1. 春の嵐・トロンハイム (北緯63度25分)

静かな寝台列車が一転、嵐のまっただなかのトロンハイムに差し掛かり、窓を雨粒が覆い尽くした。徐々に寝台列車内に活気が出てきて、遠くの個室からも話し声や物音が聞こえるようになってくると、列車の外はもう市街だ。

駅につき、車両ドアのステップを降りると、列車や駅のどこかから発される小さな機械の音に混じって雨の音が聞こえる。湿った涼しい空気が重い荷物を持ち上げている体に気持ちよく馴染んだ。少し出口に迷いそうになったが、目の前のエレベータに乗って地下道に入れば難しいことはなく、階数表記の「-1」や ATM みたいにごついロッカーの自動精算機を見ながら歩いていけばすぐ外につながっている。

トロンハイム駅は町の外れにある。駅の場所はいったい、埋め立てたのか、もとから砂嘴だったのか、砂浜を掘り込んだのか、とにかく小さな運河をはさんで町の入り口が見える。それがトロンハイム駅のメイン出口だ (というかメイン出口しかなさそうだ)。この運河に面してあざやかなアパートメントが立ち並んでおり、そのベースフロアはボートに乗れる艀につながっている。今、この素敵な運河が、ドブよりもひどいドドメ色になってたゆたゆと荒波を立てている。

ときおり強い風に煽られて、猛烈な通り雨がザバーッと来る。海辺の嵐の、あの冷たい水の塊のような風が遠くから駆けてきて、その足音がわりに道路の表面に溜まった水を濁らせながら突進してくる。駅舎入り口の屋根の下で外を眺めていると、この風にスキー板が煽られる。自然、板を抱える腕に力がこもった。これが地元なら、けっして外には出ないだろう。

でも、観光で来てるのだから。駅舎内に荷物をデポって運河の橋を渡る。
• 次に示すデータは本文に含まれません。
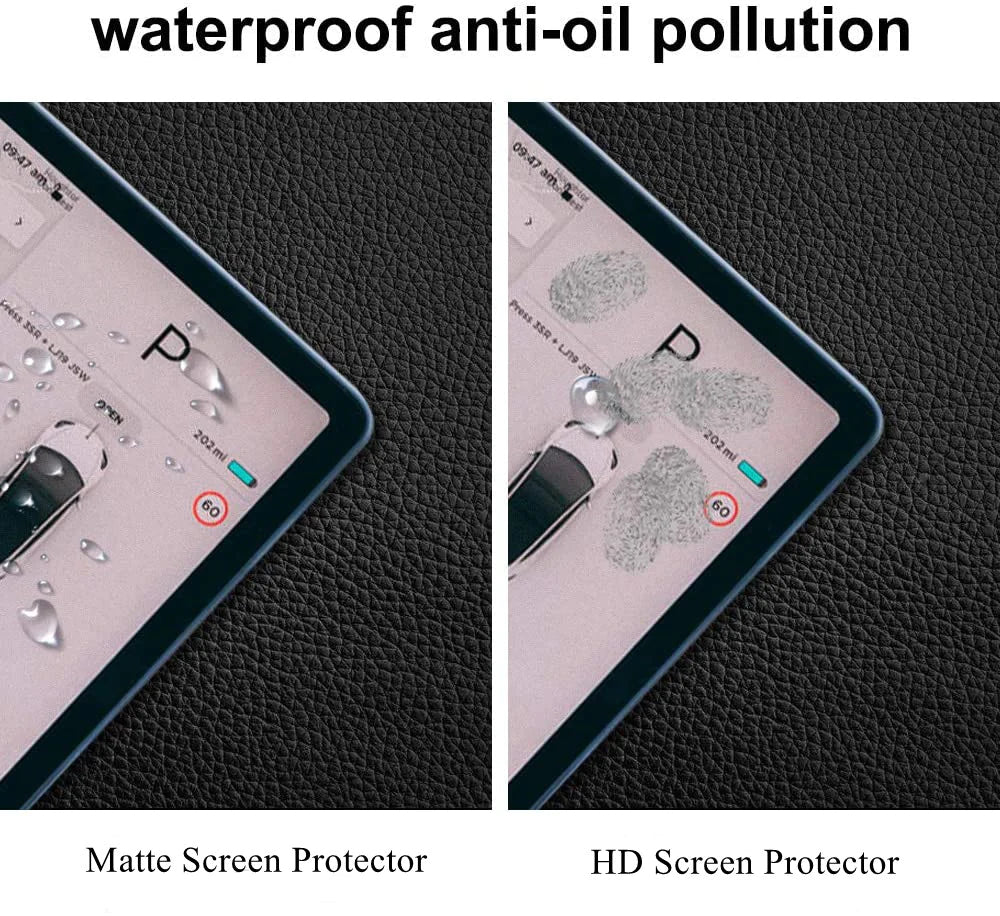 Premium Screen Protection for Model 3/Y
風下へと顔を背けながら町まで歩いていく。窓枠のペンキ、ファサードの木の板……よく目を凝らして小さく平和で素敵な漁村を思い描こうとする。そのたびに風の気まぐれで雨が叩きつけてくる。

振り返ると駅舎があり、その右手には港へ続く通路があった。港!今日の午後は高速船に乗るのだ。港の様子を見ておこう……そうして走って通路を登ると、遮るもののなくなった海風がごーう、ごーうと吹いている。通路から線路を見下ろすと、砕石やセメントの砂と土嚢の土が混じっているような、荒れ果てた工事現場が見えた。

GLAVA はノルウェーのインシュレーションや化学繊維のメーカーだ。原色の袋はこの砂を保持する仕事をするはずではなかったのか。ただの使い終わった袋なら捨てればいいのに、こんな嵐のなかでくたびれたように散らかしたまま風で飛ばされぬよう足場の鉄棒を乱雑に積んである。土嚢のかわりとして置いたつもりならなんと心許ないことか。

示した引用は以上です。